The Environmental Protection Agency has announced a plan to end all uses of the insecticide endosulfan in the United States. An EPA news release said that endosulfan, which is used on vegetables, fruits and cotton, “can pose unacceptable neurological and reproductive risks to farmworkers and wildlife and can persist in the environment.”

Makhteshim Agan of North America, the manufacturer of endosulfan, opposed EPA’s findings, but announced that it would voluntarily participate in a plan to withdraw endosulfan over time.

“From a scientific standpoint, MANA continues to disagree fundamentally with EPA's conclusions regarding endosulfan and believes that key uses are still eligible for re-registration,” said Scott Rawlins, MANA director of global governmental and industry relations. “The agency has made a number of overly conservative and unrealistic assumptions about how endosulfan is used that do not reflect the best available science.

“However, given the fact that the endosulfan market is quite small and the cost of developing and submitting additional data high, we have decided to voluntarily negotiate an agreement with EPA that provides growers with an adequate time frame to find alternatives for the damaging insect pests currently controlled by endosulfan,” Rawlins said.

Endosulfan was first registered in the 1950s. MANA is the exclusive marketer of two formulations of endosulfan under the brand names Thionex 3EC and Thionex 50W.

Details of the final timetable for Thionex will be announced to producer organizations and agricultural product retailers in the coming weeks.
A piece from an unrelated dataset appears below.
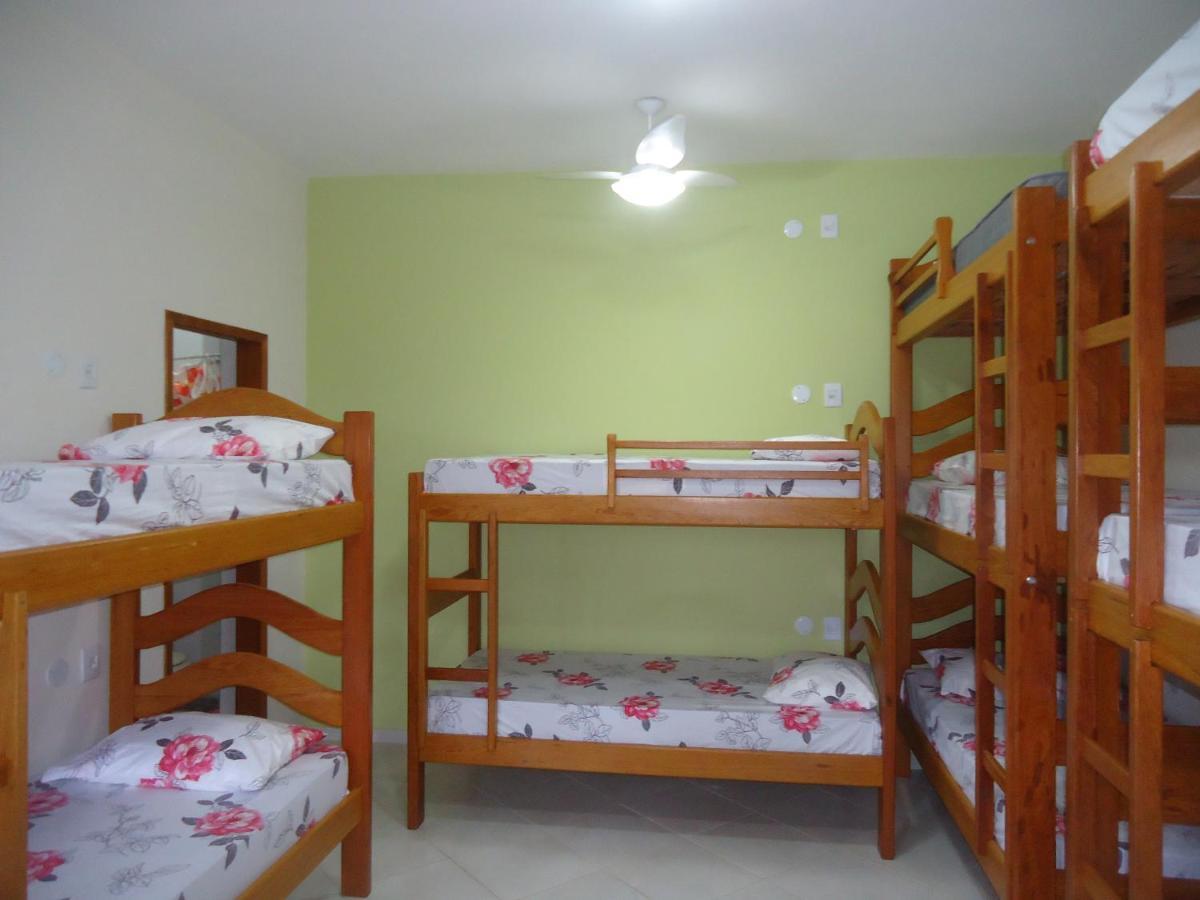 Harmoni Hostel & Pousada Abraão Exteriör bild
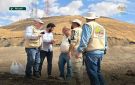 اللجنة الفنية المشتركة تصدر تقريرها بشأن الأبخرة المتصاعدة في جبل كوكب في الحسكة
EPA stated said that farmworkers “can be exposed to endosulfan through inhalation and contact with the skin. Endosulfan is used on a very small percentage of the U.S. food supply and does not present a risk to human health from dietary exposure.”

EPA says the phase out “is based on new data and scientific peer review, which have improved EPA’s assessment of the ecological and worker risks from endosulfan.”